WHAT IS NEEDED ▸
Whenever a line in the records below contains "Sport", pick it out.

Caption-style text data

◆ ◆ ◆ ◆

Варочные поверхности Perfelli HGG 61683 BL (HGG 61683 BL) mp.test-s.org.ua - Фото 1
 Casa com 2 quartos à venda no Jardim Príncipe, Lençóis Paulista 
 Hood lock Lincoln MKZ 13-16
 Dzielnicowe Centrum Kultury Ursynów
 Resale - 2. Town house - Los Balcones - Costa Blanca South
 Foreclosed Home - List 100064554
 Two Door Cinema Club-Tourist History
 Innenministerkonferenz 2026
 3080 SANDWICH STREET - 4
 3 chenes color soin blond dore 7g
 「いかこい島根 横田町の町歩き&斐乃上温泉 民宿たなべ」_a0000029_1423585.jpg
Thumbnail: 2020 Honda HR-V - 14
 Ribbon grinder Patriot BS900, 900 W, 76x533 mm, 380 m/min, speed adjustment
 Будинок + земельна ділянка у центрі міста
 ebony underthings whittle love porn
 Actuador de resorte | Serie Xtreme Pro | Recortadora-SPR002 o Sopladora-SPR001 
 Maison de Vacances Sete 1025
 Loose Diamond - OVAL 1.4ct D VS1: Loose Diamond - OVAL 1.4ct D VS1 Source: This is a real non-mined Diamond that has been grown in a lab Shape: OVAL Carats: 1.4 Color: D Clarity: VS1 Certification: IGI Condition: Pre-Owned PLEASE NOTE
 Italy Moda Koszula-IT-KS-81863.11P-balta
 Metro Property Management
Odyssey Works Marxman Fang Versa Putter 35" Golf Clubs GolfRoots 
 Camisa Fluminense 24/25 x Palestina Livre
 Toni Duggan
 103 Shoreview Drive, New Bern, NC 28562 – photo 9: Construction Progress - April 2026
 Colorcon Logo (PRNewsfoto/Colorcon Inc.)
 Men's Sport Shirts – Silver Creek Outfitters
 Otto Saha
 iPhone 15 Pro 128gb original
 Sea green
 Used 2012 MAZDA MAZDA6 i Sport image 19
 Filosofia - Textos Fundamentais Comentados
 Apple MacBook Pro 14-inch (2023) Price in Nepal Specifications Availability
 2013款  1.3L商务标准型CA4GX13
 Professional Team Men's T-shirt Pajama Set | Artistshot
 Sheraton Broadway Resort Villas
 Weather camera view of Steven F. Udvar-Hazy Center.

◆ ◆ ◆ ◆

ANSWER TO THE EXERCISE ▸
 Men's Sport Shirts – Silver Creek Outfitters
 Used 2012 MAZDA MAZDA6 i Sport image 19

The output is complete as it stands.